1 CD/SACD stereo/surround • 72min • 2014

Ottorino Respighi gehört nach wie vor zu den Umstrittenen, bei aller Popularität viel Verachteten unter den Großmeistern der klassischen Moderne. Dabei wird bei den üblichen intellektuellen Vorurteilen gegenüber seiner italienischen Herkunft meist übersehen, dass er viel mehr von seinem Mentoren Rimsky-Korsakov geprägt wurde als andere westliche Komponisten. Dies kommt in vorliegendem Album ganz besonders in der Suite aus dem späten Ballett Belkis, Regina di Saba von 1934, der gigantischsten und vielleicht auch sinnleersten Komposition Respighis, zum Ausdruck, wo uns auf Schritt und Tritt improvisatorisch-lyrisch mäandernde Orientalismen begegnen, die in Gegensatz zu den obsessiv kantigen Rhythmen der Kriegstänze geraten. Doch auch im 1930 für Koussevitzkys Boston Symphony Orchestra geschriebenen Variationenwerk Metamorphoseon begegnen wir in Modus VII, den ‚Cadenze’, unzweifelhaft einer von Rimsky-Korsakov ausstrahlenden orientalisierenden Welt, die zugleich die verführerischen und spontanen Qualitäten betreffend den Höhepunkt dieser wahrhaft bezaubernden, wundervollen Komposition darstellt. Metamorphoseon gehört neben Werken wie dem Concerto gregoriano oder den mittleren Partien der Pini di Roma zum Erlesensten, Feinsten, Erhabensten aus der Feder des Bologneser Wahlrömers, dem man vielleicht wie vielen anderen in entscheidenden Zeiten eine unpolitische Haltung vorwerfen konnte, der jedoch – im Gegensatz zu vielen anderen – nie zu den Faschisten gehörte, wenn auch die Monumentalität und der beschwörende Archaismus seines Stils geradezu idealtypisch den Neigungen der Faschisten entsprach. So war Respighis Musik in Werken wie der Sinfonia drammatica oder den Fontane di Roma schon lange vor dem Aufstieg der Faschisten. Dass seine Musik minderwertig sei, ist ebenso logisch wie die Folgerung, Wagner sei schlecht, weil Hitler ihn liebte.
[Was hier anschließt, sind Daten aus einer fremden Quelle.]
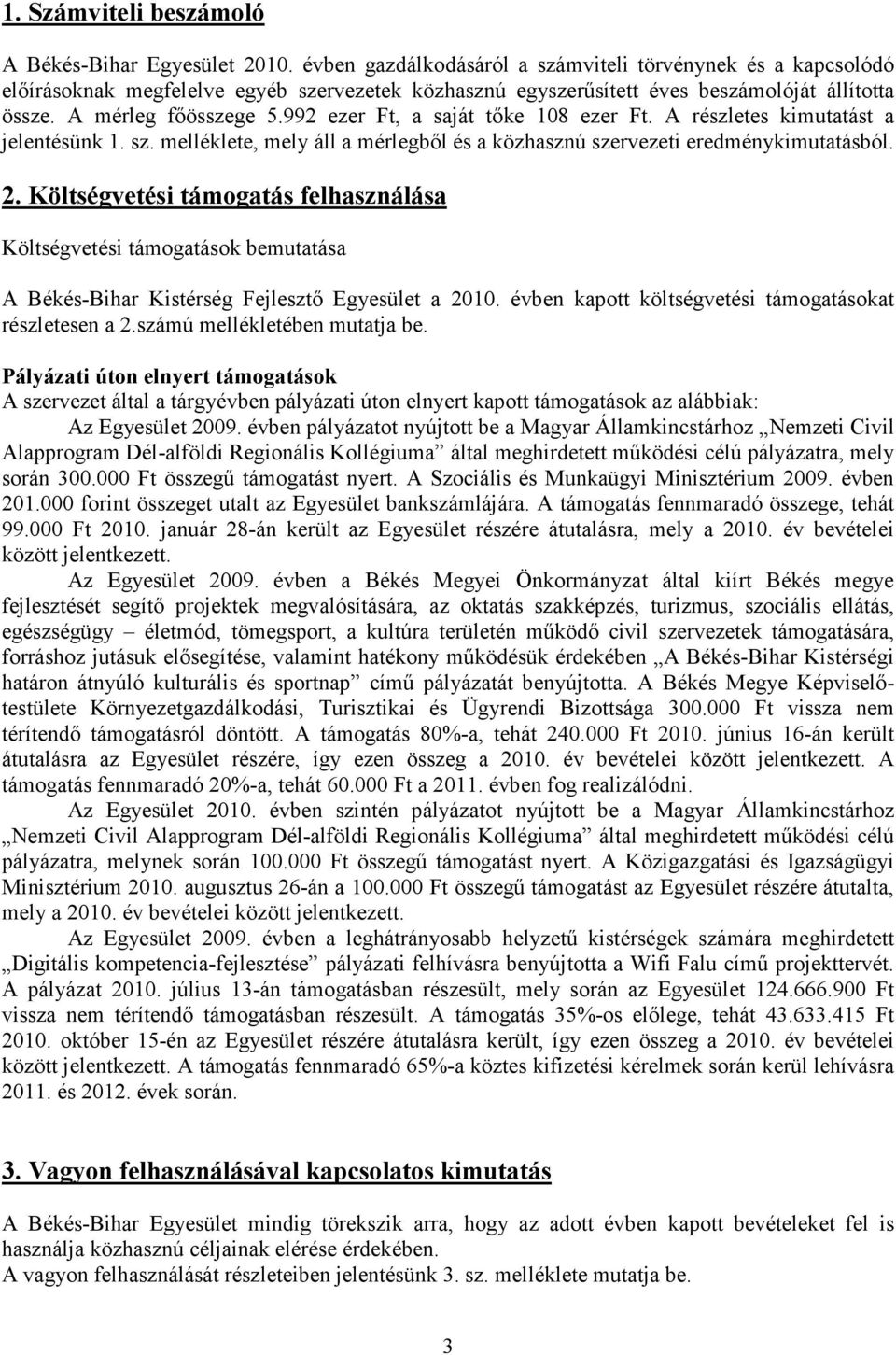 992 ezer Ft, a saját tıke 108 ezer Ft. A részletes kimutatást a jelentésünk 1. sz. melléklete, mely áll a mérlegbıl és a közhasznú szervezeti eredménykimutatásból. 2.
Das früheste Werk vorliegender Zusammenstellung, entstanden 1920 (fünf Jahre vor Mussolinis Inthronisierung), ist die symphonische Dichtung Ballata delle Gnomidi nach Carlo Clausettis gleichnamiger schauerlicher Dichtung, die mit so fantastischen Zeilen aufwartet wie: „Das winzige Männlein trippelt und hängt fast zwischen den zwei Weibern – seinen Bräuten -, deren ein einziges Ehebett harret. […] Und in der tiefen Nacht hörte man einen gellenden Weheschrei, so jammervoll, dass die Finsternis darob zerstob…
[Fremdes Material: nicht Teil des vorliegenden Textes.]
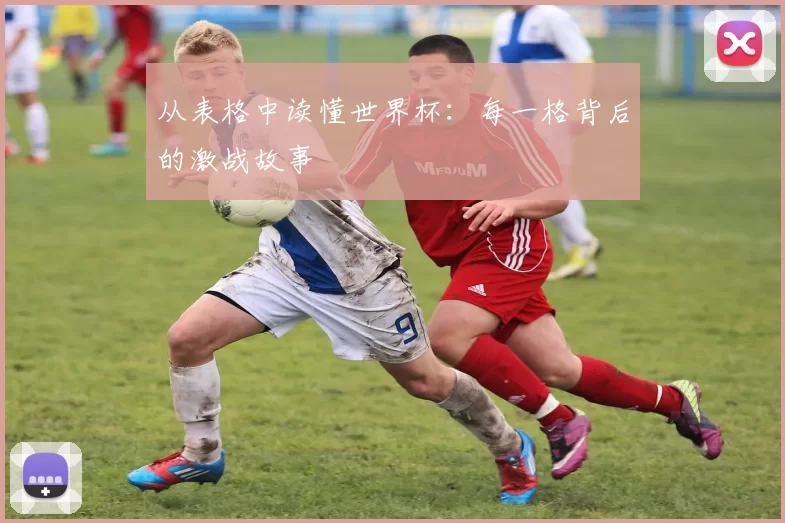 从表格中读懂世界杯：每一格背后的激战故事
Dann tiefes Schweigen. Morgendämmerung. Die rasenden Gattinnen zogen den leblosen Gnomenleib aus der Schlafkammer ans Licht.

Auf und davon mit ihm. Hinter ihnen her trippelte der Haufen der verschmitzten Männlein. […] Auf rauhem Pfade gelangten sie zu einem breiten Hügel und gingen hinüber bis zum anderen Rande, der steil in ein türkisenblaues Meer abfiel.

In einem Nu ward dort der garstige Gatte hinuntergestürzt. So endete der Ritus.

Nun tanzen die beiden Weiber auf des Hügels Mitte, nach schlafloser Nacht, vom frischen Morgenwind umfächelt.

Und indes es mehr und mehr Tag wird, gesellen sich die kleinen Männlein tanzend den blutrünstigen Witwen bei.“

Respighis bizarre Phantasie wurde hier zu einer Art italienischen Nacht auf dem kahlen Berge angeregt, und der Beitrag zum Genre gelang so hinreißend vollendet wie grotesk überspitzt. Man erwarte auch hier keine tiefgründige Musik – die gab Respighi nur dann, wenn Gebet, Andacht, Einsamkeit der Gegenstand waren –, doch seinen russischen Vorgängern machte er hier alle Ehre, und wäre das Werk von einem Russen, so machte sich kaum ein Kritiker heute noch einen Kopf wegen der Frage nach dem guten Geschmack. Alle Mittel sind recht, um die schauerliche Groteske so greifbar und überwältigend wie möglich Gestalt annehmen zu lassen. Und man kann es nicht besser machen, nur anders.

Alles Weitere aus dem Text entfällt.